* Problem
Leave the pictures out. Transcribe exactly every line from the start of the records through the one containing "Indian Wife Gift - Men's Polo Shirt - black".

* Data extract
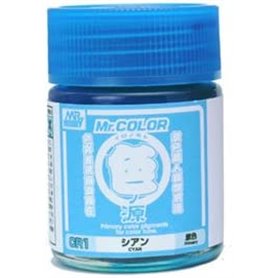 Mr.Hobby CR1 PRIMARY COLOR PIGMENTS - Cyan - 18ml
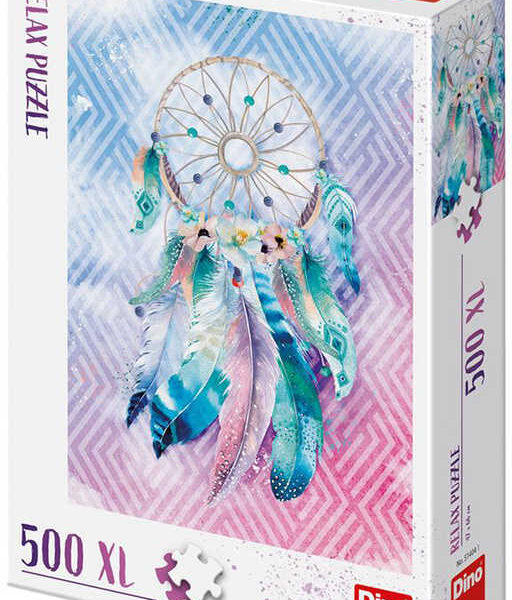 DINO Puzzle 500 Teile XL Dreamcatcher 47x66cm Puzzle DINO Puzzle 500 Teile XL Dreamcatcher 47x66cm Puzzle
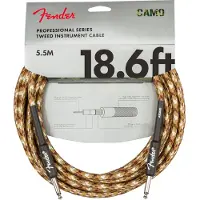 Fender Professional Series Tweed -instrumenttikaapeli, suora, suora Desert camo 186 jalkaa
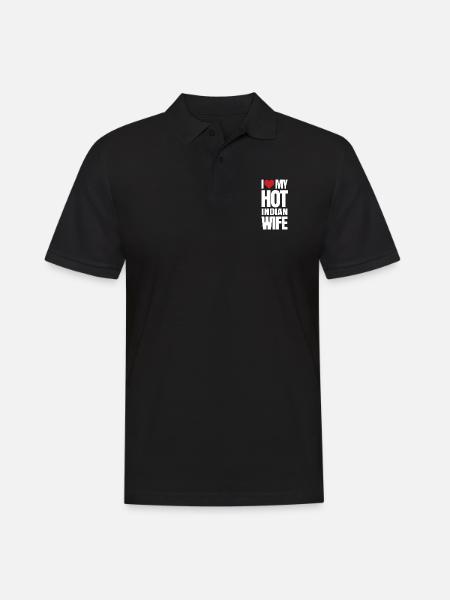 Indian Wife Gift - Men's Polo Shirt - black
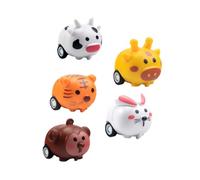VICASKY Lot de 5 jouets rétractables en forme d'animaux, girafe, lapin, tigre, vache, inertia, favorise la motricité et la créativité pour les garçons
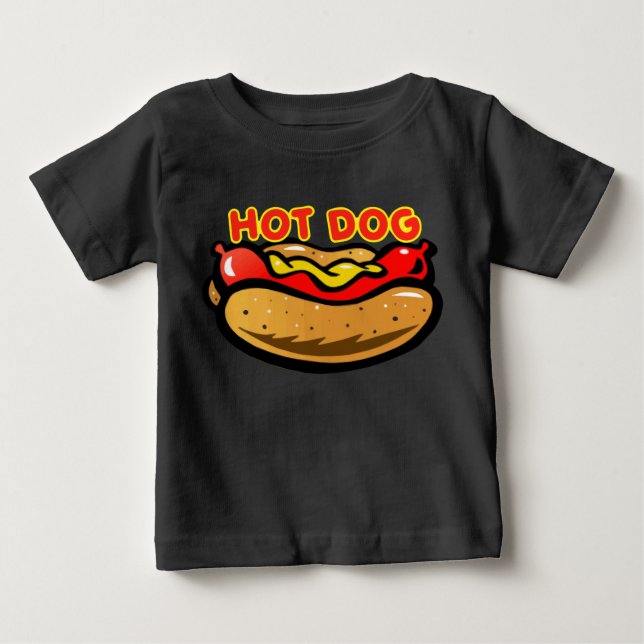 Hund för hett t shirt (Framsida)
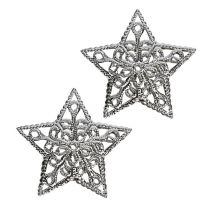 Artikel Stjärna av metall silver 6cm 20 st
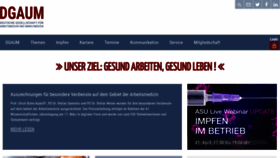 What Dgaum.de website looked like in 2021 (4 years ago)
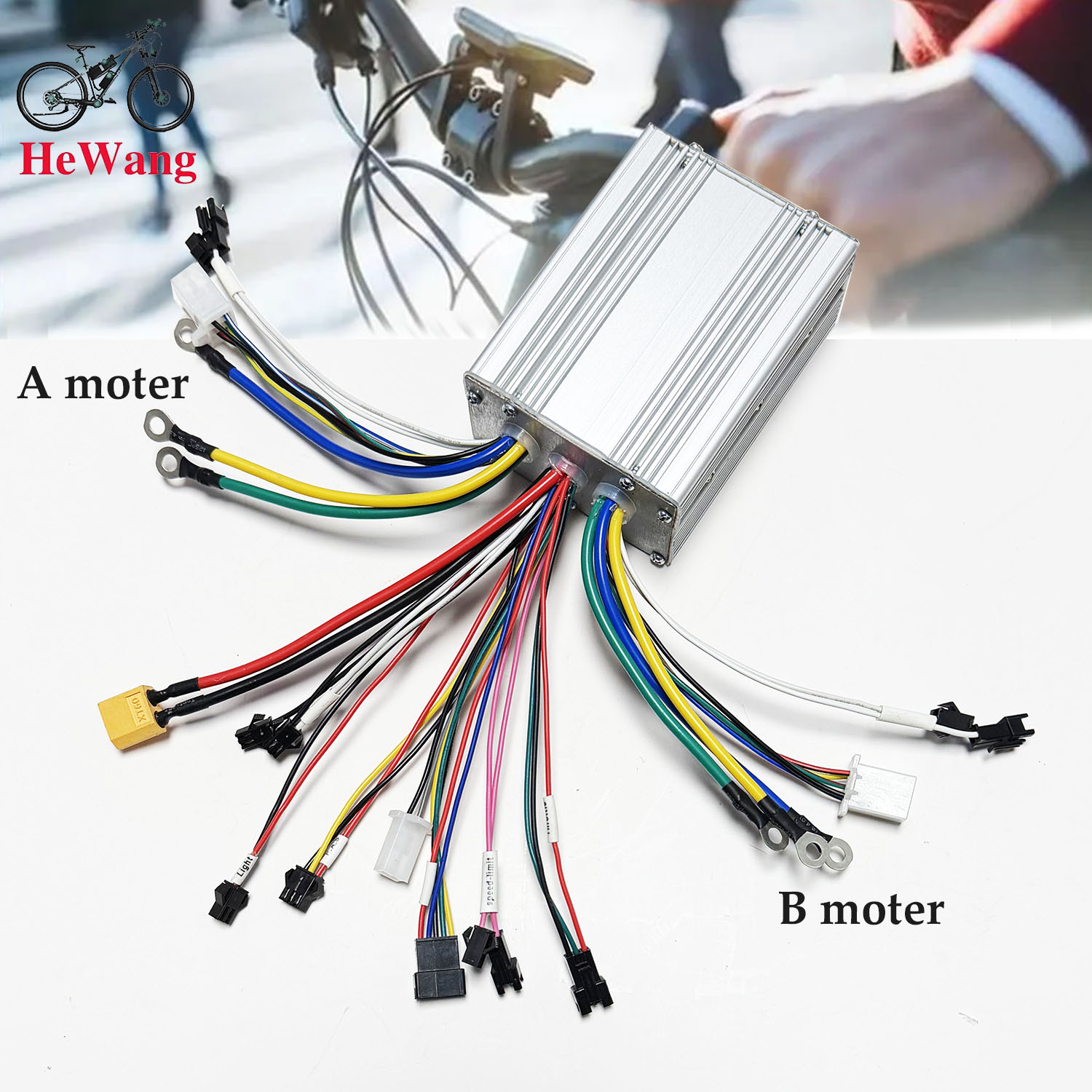 72V 45A Dual Controller - Controlador BLDC de Onda Sinusoidal de
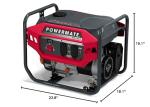 Powermate 3,800-Watt Ultra-Quiet Generator for Home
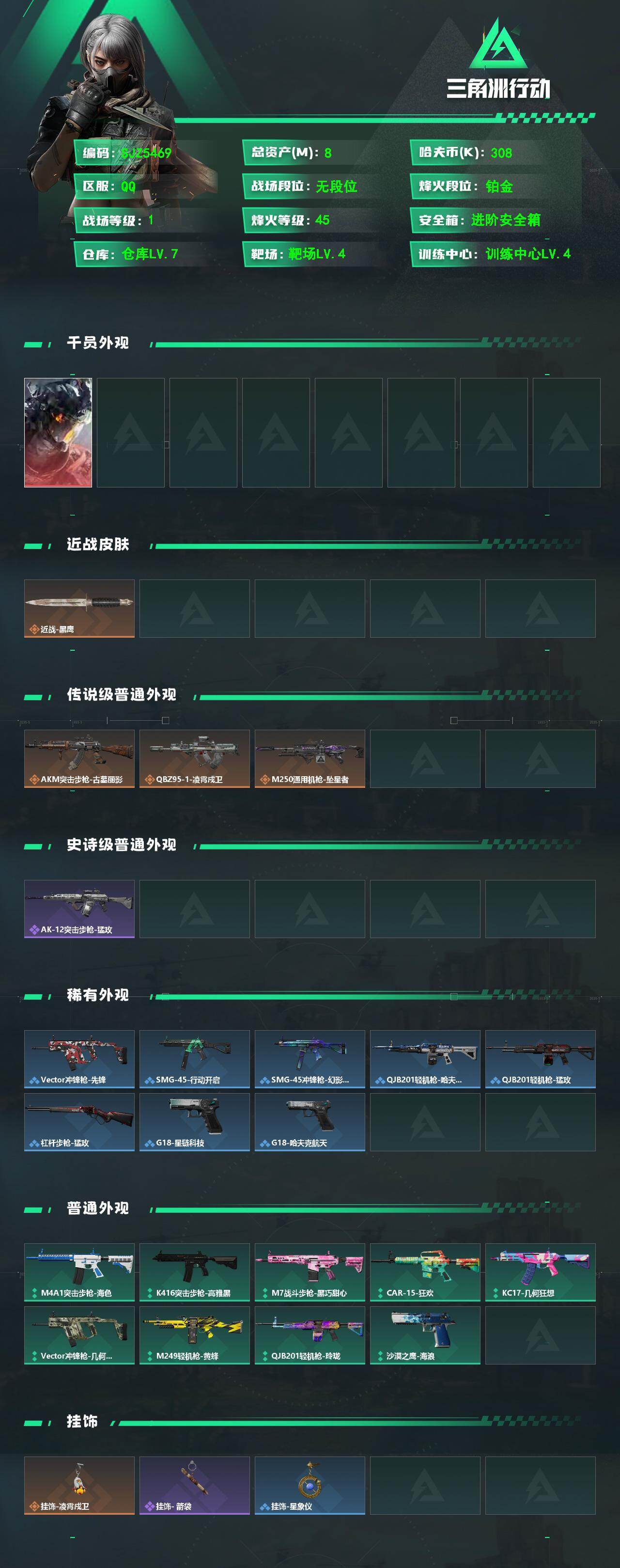 SJZEY4157791三角洲行动账号详情图2 SJZEY4157791三角洲行动账号详情图2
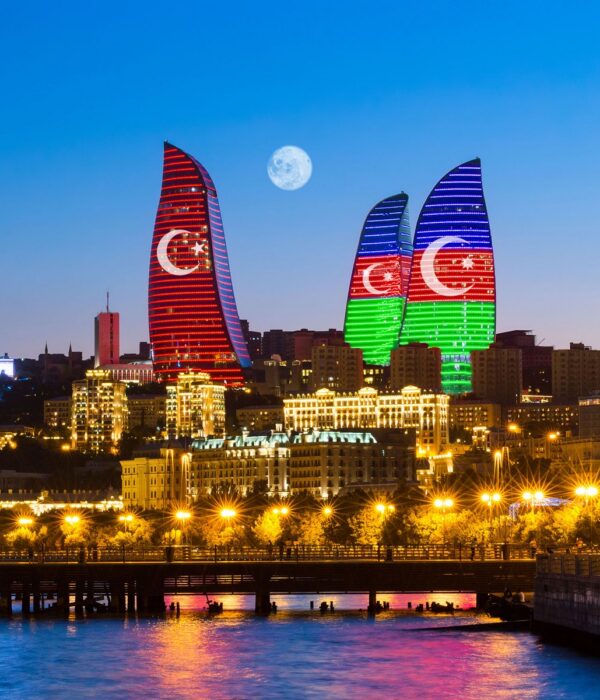 Baku, Azerbaijan, Flame Towers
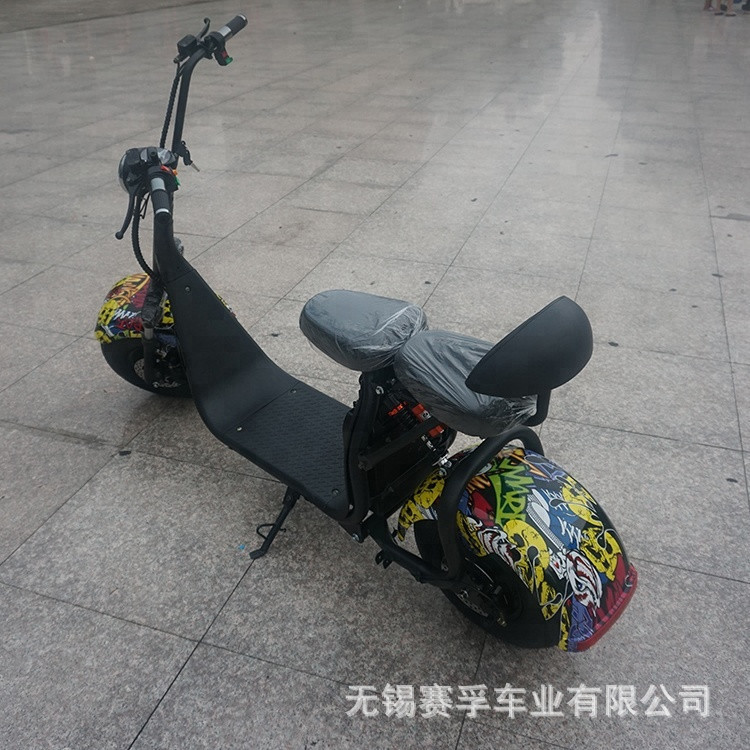 Small Harley electric car folding battery car women's small adult two-wheel Lithium electric scooter bicycle with baby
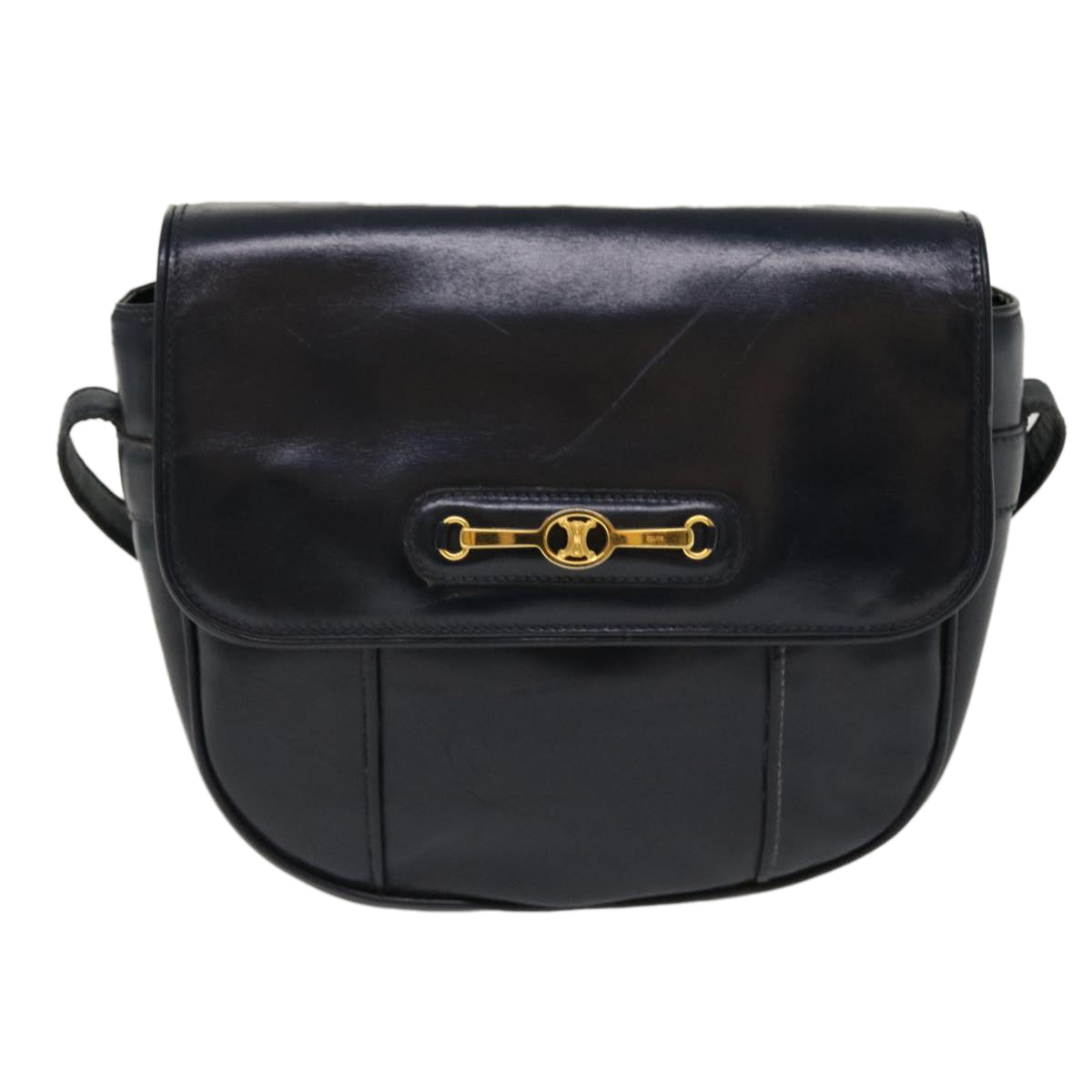 Luxury Shoulder Bag Navy Rd Leather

* Response box
 Mr.Hobby CR1 PRIMARY COLOR PIGMENTS - Cyan - 18ml
 DINO Puzzle 500 Teile XL Dreamcatcher 47x66cm Puzzle DINO Puzzle 500 Teile XL Dreamcatcher 47x66cm Puzzle
 Fender Professional Series Tweed -instrumenttikaapeli, suora, suora Desert camo 186 jalkaa
 Indian Wife Gift - Men's Polo Shirt - black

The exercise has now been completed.